And in the end it depends on our personality, our character and our calling whether we are to be a leader or not. Some men and women are good leaders, some are not, and will have other callings. Which is not something lower at all. The body needs both the eyes and the kidneys, and the nostrils and the pancreas…

Let’s all take up the responsibility we’ve been given, and do it together, and not be fooled by fundamentalism of pop-Freudianism that paralyses us and says we can’t do it, nor by any false ideology that says we shouldn’t be working together in this. Together is how it goes, as brothers and sisters! And whatever we do, let’s do it in love for the other, respecting the full humanity of each other. (Even the ones we don’t agree with that have despicable ideas!)

And let us not forget as Christians what the fruits of the Spirit are:

But the fruit of the Spirit is love, joy, peace, patience, kindness, goodness, faithfulness, gentleness and self-control. Against such things there is no law. (Gal 5:22-23)

Are those not one of the basic characteristics of both men and women that profess to follow Christ? (Among other things as loving neigbors and enemies, and caring for the least, and not wanting to be leaders but servants?)

(And let us not mock nor belittle nor disbelieve in them, blaspheming the Spirit is a serious thing!)

Peace

Bram

On similar misandry in Christian fundamentalism and consumer capitalism?


I read this excellent bvenus_de_milo1logpost by Sarah Schwartz, and American Christian blogger, in which she apologises for the damaging way men are often viewed in her (sub)culture. A quite horrible view of men, that’s preached not just by women, but by men too. The way she expresses it goes probably a lot further than what I know from local Christian circles, but I do recognise it nonetheless.

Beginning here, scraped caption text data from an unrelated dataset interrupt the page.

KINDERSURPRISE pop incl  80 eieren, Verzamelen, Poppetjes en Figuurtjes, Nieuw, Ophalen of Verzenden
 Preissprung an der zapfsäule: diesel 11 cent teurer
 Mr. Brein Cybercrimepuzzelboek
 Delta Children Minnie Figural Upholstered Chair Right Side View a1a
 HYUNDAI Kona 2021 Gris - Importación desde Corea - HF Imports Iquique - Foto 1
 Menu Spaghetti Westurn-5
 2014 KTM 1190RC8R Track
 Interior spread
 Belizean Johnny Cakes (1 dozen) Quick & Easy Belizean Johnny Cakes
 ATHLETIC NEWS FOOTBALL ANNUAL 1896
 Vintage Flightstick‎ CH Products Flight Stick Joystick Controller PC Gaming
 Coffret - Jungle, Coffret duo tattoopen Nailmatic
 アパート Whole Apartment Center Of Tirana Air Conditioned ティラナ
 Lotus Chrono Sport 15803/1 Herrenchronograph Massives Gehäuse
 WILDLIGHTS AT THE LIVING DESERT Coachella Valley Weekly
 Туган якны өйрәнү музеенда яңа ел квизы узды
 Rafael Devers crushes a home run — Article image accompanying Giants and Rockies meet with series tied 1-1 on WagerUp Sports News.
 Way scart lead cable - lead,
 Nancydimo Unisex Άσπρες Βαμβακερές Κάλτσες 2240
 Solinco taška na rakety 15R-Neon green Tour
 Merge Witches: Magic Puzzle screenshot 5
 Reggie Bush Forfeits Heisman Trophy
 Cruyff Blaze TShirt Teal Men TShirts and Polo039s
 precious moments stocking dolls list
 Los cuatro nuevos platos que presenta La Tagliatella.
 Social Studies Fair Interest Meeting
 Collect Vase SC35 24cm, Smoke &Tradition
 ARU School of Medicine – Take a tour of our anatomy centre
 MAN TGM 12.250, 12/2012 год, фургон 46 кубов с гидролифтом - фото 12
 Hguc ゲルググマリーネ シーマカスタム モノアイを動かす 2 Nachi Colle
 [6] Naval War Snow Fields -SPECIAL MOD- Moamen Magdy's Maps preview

What’s more troubling is that I recognise it not mainly from Christian circles but much more strongly from other places, and it’s something I’ve always been sensitive towards because I found it quite painful.

I posted the post above on my facebook-wall with a quote from her and a short introduction:

Quite sexist to reduce men to this, not? I hope she exaggerates, but I do recognise some of it…
“You are nothing but a slave to your desires. You are a sex hungry, uncontrollable, animal-like creature with no capacity for empathy or self-control. It is laughable to think that you could possibly prize relationships over sex, people over sex, vows over sex. You are sub-human, and no one expects anything different from you.”

The first person on facebook who reacted, Simon, has no connection at all to American Christian fundamentalism at all, but did surely recognise it as a very real problem, even on facebook:

Too bad the capitalist consumerist greedy types never cease trying to rewire our brains… For example: as a male I am constantly bombarded with sex ads on facebook (to a point where it’s disgusting me), even after I ‘told’ facebook I’m in a relationship. It’s a never ending onslaught and I think it’s degrading for men as well as for women. We are more than sex hungry creatures who can’t control ourselves. We are more. People are more. Even most animals are more. But ‘they’ don’t want us to be more. They want to control us, divide us, make us manageable to be able to make lots of profit doing the least amount of effort possible.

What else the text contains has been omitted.